In our village house we have a clock in the living room which sits on a shelf in a corner next to the bathroom. It’s a cheap affair, bought for about 200 baht at Nong Khai’s Indo-China market on the Mekong River. Why I bought it heaven knows.
Wonderful Wi has three ladies wristwatches, two of which I bought for her and the other is her showpiece one, secured after lengthy bartering for 800 baht at a night market in Hua Hin. When she does wear one of her watches I often wonder if it’s worn for appearance or to actually know the time, my guess is the former because in a Thai village does time really matter at all.
Time doesn’t seem to matter in Wilai’s village, at least that’s the impression I always get. For a long while I’ve had the feeling you could split time into two parts, day and night or better still light and dark.
The simplistic life of an Isaan villager is different to the western way. There are no last minute mad dashes to drive the kids to school or mid morning workouts at the gym, just work in the sun or a laze in the shade. The sun comes up and the sun goes down, time is what’s in between.
In Thailand a visit to a rural doctor or dentist is a case of showing up and waiting your turn, only a follow up appointment will require being on time. There are exceptions to when a Thai villager needs a grasp to the hour of day. Religious ceremonies, bus journeys and buying the freshest food from the market all depend upon being on time but there are means other than clock watching to making sure you aren’t late.
When I’m back home in the UK I am totally dependant on knowing the exact time and I initially found the Thai’s complete chosen ignorance of it to be strange, then I realized there are other ways to have an inkling to the present stage of the day. There are many events in Wilai’s village which occur on most days and pinpoint or at least give me a very good idea as to the time without having to look at a clock, watch or my mobile phone. Below is my 24 hour village clock.
- 04-30 The cockerels start crowing. In Thailand they believe the rooster crows at this time because he wants to be the first to greet the day’s rising sun.

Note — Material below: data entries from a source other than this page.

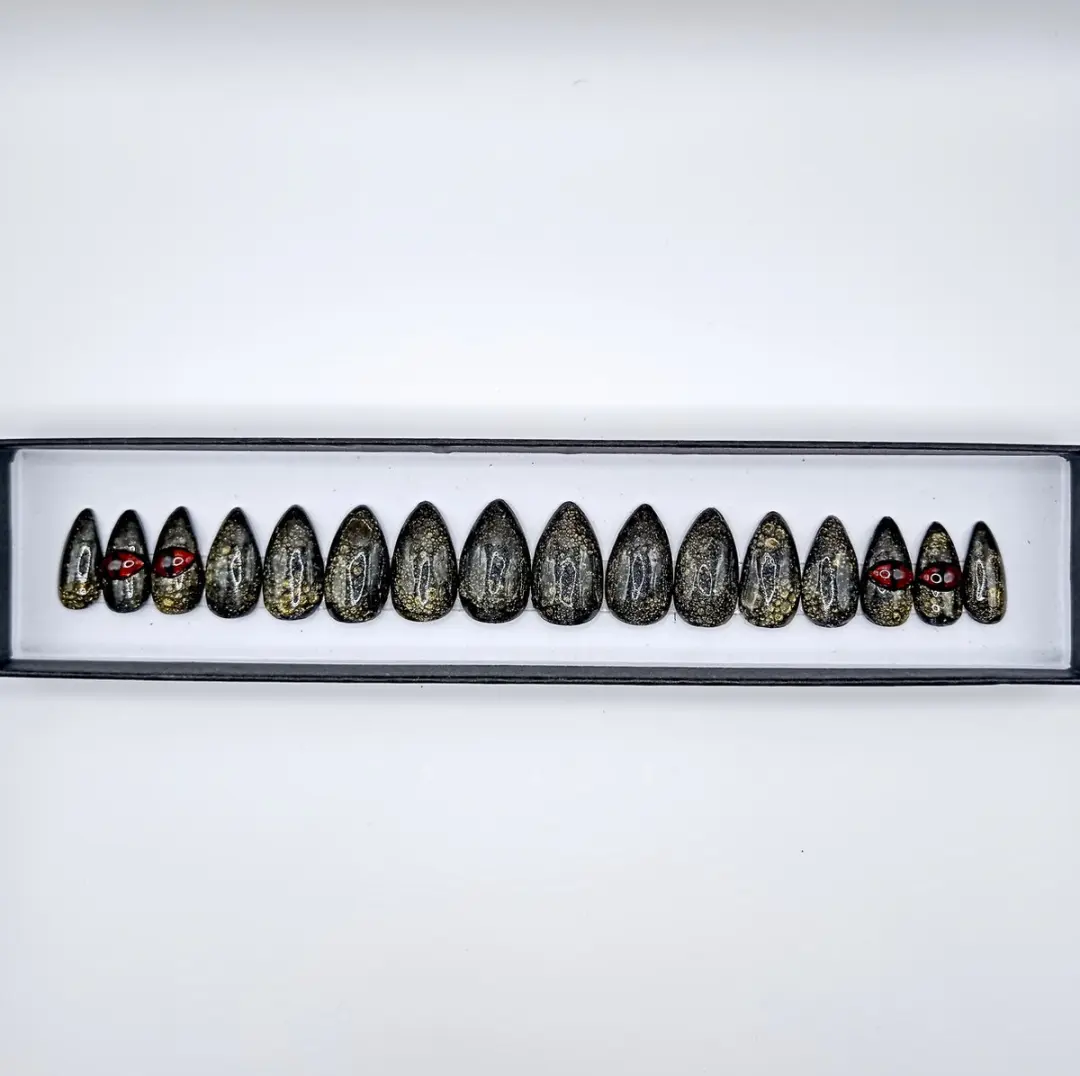 SD Press on Nails Dragoon Nagelset - 20 Stuks - Medium Stiletto - Dragon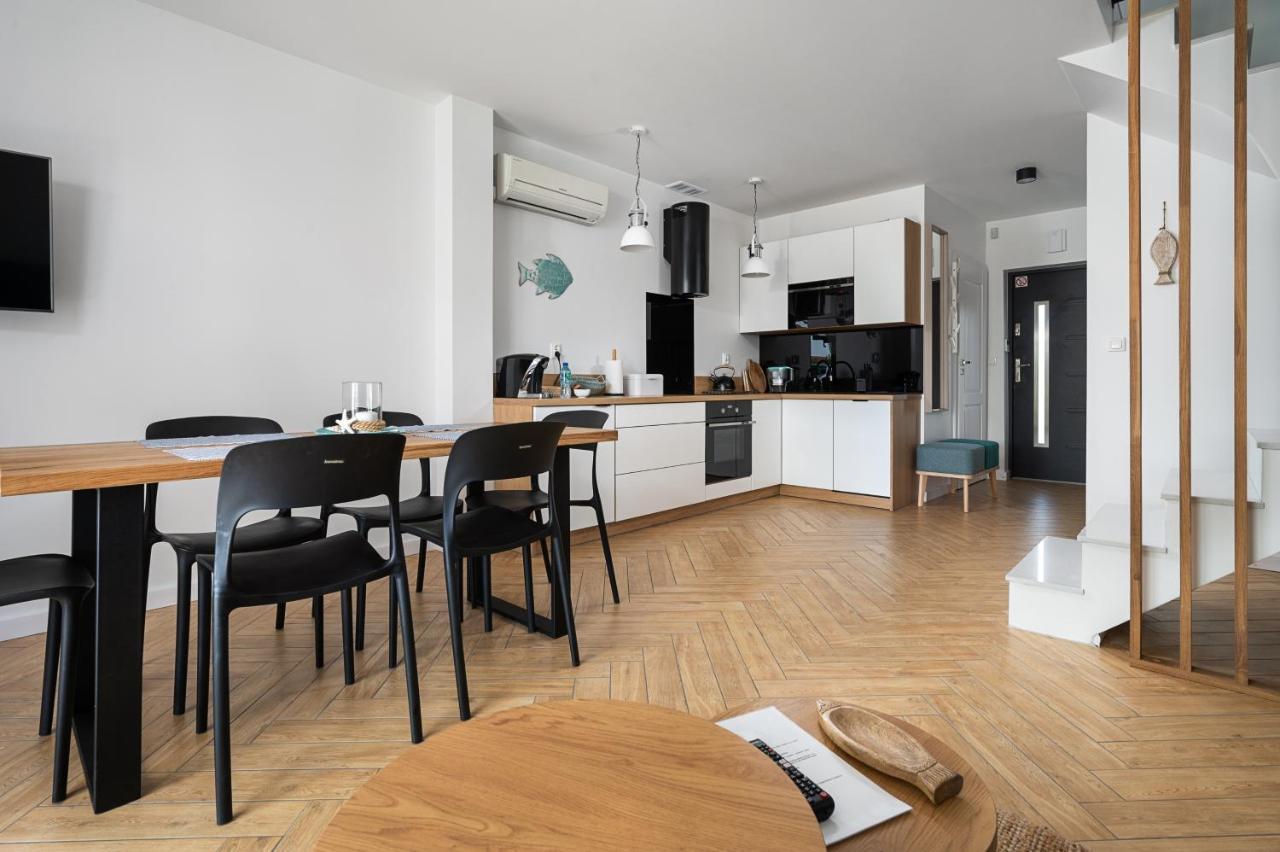 Villa Apartdomek41 Morska Przystan - Prestiz Dla Wymagajacych à Jastrzębia Góra Extérieur photo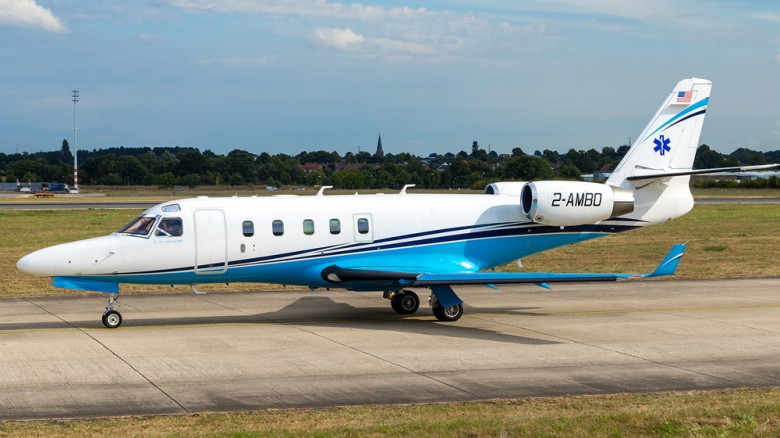হাদিকে উন্নত চিকিৎসার জন্য নিতে ঢাকায় পৌঁছেছে এয়ার অ্যাম্বুলেন্স...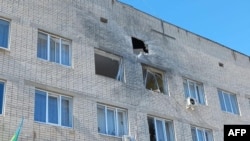 Больница, пострадавшая в результате обстрела в Северодонецке, в Луганской области Украины. 18 марта 2022 года.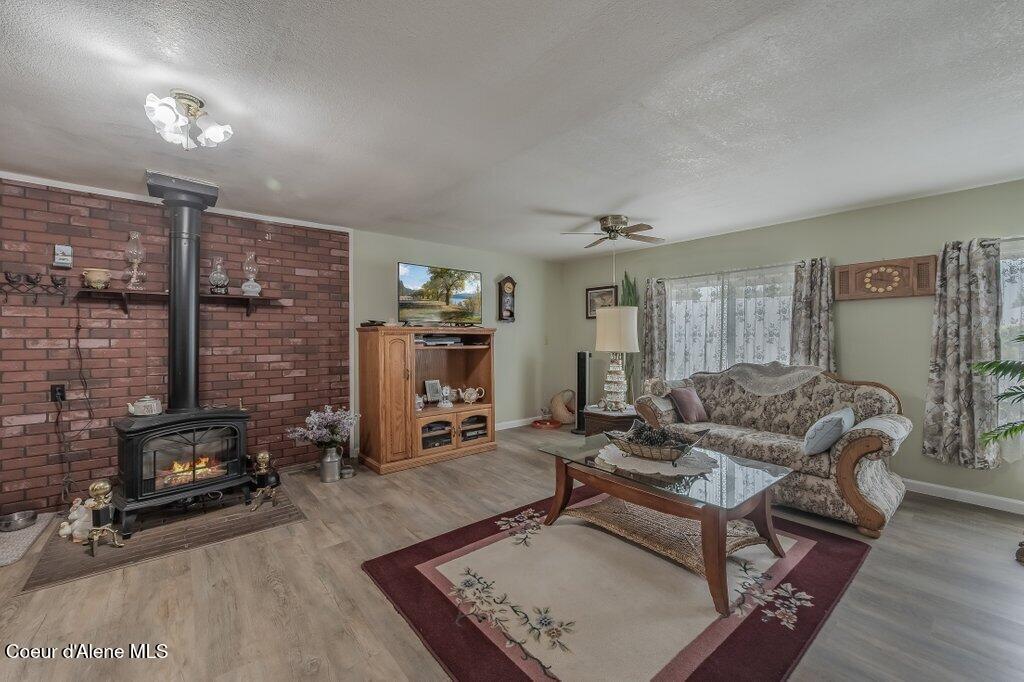 16155 North Mountain View Road Rathdrum, ID 83858 - Photo 15 of 53 Living Room
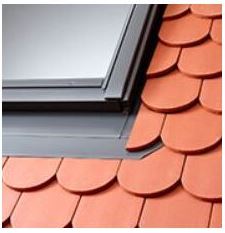Velux raccordements  edb 2000 mk06 pro+ y compris le cadre isolant bdx et la collerette de sous-toiture bfx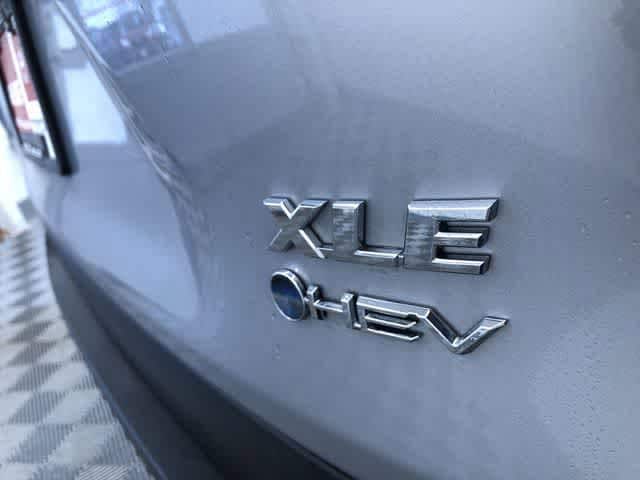 Thumbnail: 2025 Toyota RAV4 - 15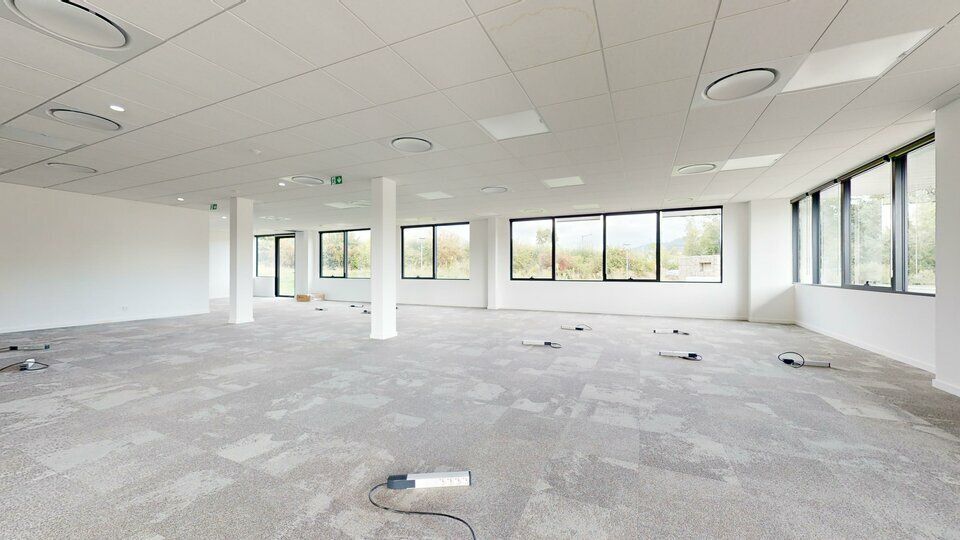 829.5 m² pour ce bureaux en location à Limonest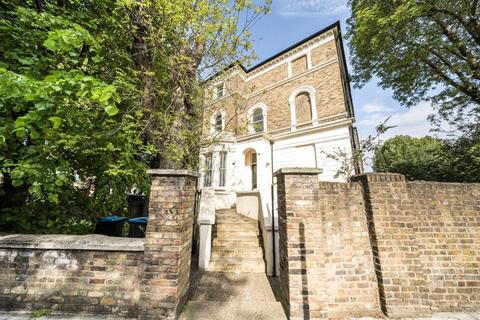 Cambridge Gardens,  Kilburn Park,  NW6 2 bed flat for sale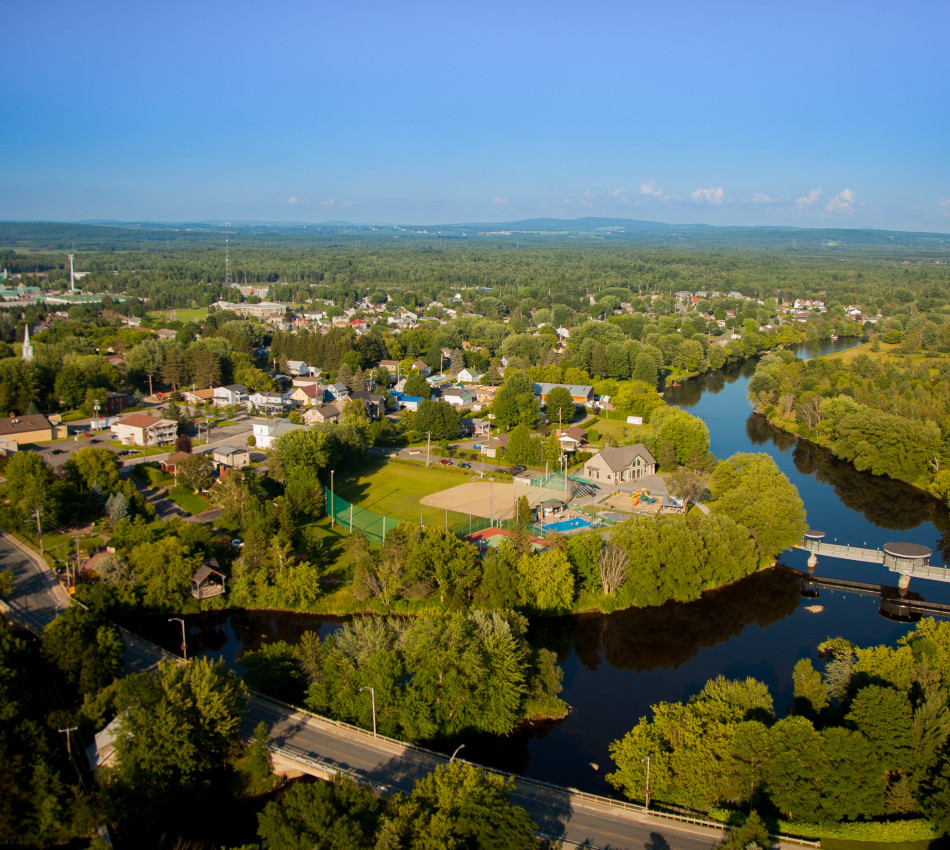 Vue à vol d'oiseau de la Ville de Kingsey Falls
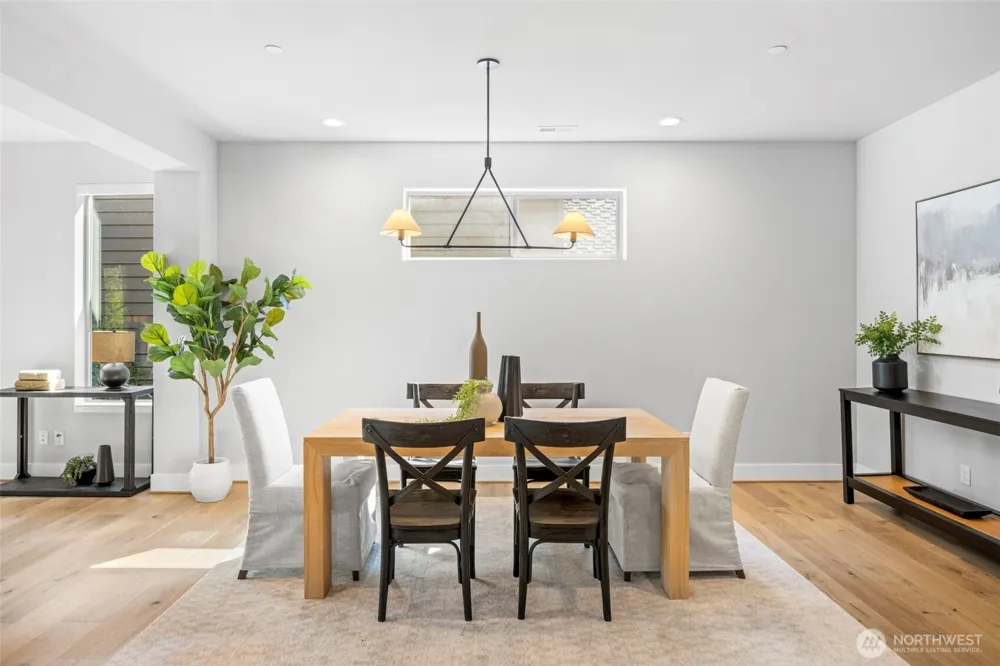 16022 124th Court NE Woodinville, WA 98072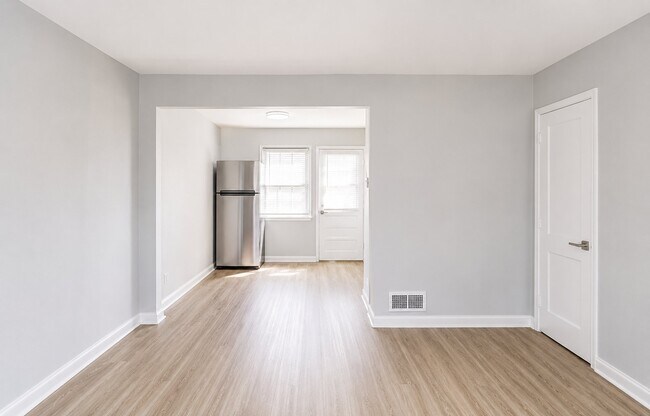 Building Photo - 124 Yorke St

The cockerel wakes way before sunrise but lets everyone know it’s time to get up and join him.
- 06-00 If there are any public announcements to make the village headman will relay them over a very loud PA system.
- 06-45 The bell rings at the village temple as a reminder for those who wish to visit the Wat.
- 08-00 Thai TV plays the National Anthem.
- 13-30 This is the one part of the day I cannot be precise about but at around this time Wilai will start preparing Som Tum (spicy Thai salad).
- 03-30 School has finished and soon after happy youngsters make their way home or to wherever.
- 18-00 Once again Thai TV plays the National Anthem.
- 19-00 Depending on the time of year around seven in the evening darkness has fallen or the light is starting to fade.
- 20-25 The main Thai TV soaps start. You can guarantee the television will be on for them.
- 22-00 When I pull aside the living room curtains and can see the village bathed in a quiet and still darkness I know it’s at least ten at night and the country folk and roosters are asleep waiting for the next day’s sun to come up.
- Midnight The soi (street) dogs sometimes howl as they catch sight of a late night straggler returning home after hunting for frogs. If they howl real long and loud then you know there’s a ghost about, so the Thai’s say.
The experienced Thai eye relies on other conditions to fill the gaps between those listed above. The position of the sun and the length of the shadows are easy indicators of time. The herdsmen taking their cows to graze in the morning and on their return late afternoon are tell tale ones too, and the ice cream seller, fish man and the fruit and vegetable truck all have their way of letting you know how long is left of the day. Who needs a clock when you’ve got so much to watch. Tick tock.